Gurnee apologized for the comparison and said he has already apologized profusely for the statement. He said he also apologized to city council candidate Erica A. Stewart, who is half-Black. He said he believes both NIMBY and the N-word are pejorative terms meant to slight and marginalize an important population.
Building a better relationship between Cal Poly and the community
Both candidates advocate for more students to live on campus, which is a part of Cal Poly’s master plan. Both candidates said they advocate for students’ voices in the community. However, students who live on campus cannot vote for city government because Cal Poly is not within city limits.
When asked to address this contradiction, Harmon said that is something the city and Cal Poly need to talk about in the future. She said she would be open to potential annexation of Cal Poly into the city.
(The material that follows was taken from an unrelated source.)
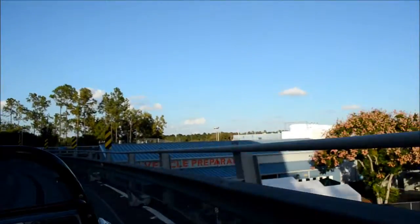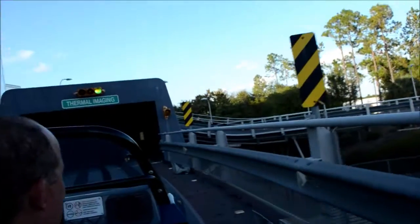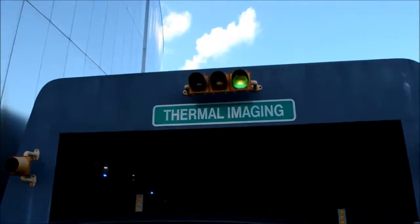Oh no! As long as they're heated up, let's grab a thermal image.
Harmon said she has involved students in other ways, beyond just their vote. She said she has monthly meetings with students and is on campus up to five times a week to speak during classes and events. She also said she tries to hire student interns and mentor students as much as she can. Harmon said she believes students are being demonized in the city. She said community members do not need to protect San Luis Obispo from students, people of color or people of lower economic brackets.
Gurnee said as a city council member during college, he was a strong advocate for students and will do so again if elected mayor. He said there have been previous pushes for Cal Poly to be annexed into the city that had failed. Rather than annexation, Gurnee recommended students get involved in local politics and try to join local councils or committees as he did while attending Cal Poly.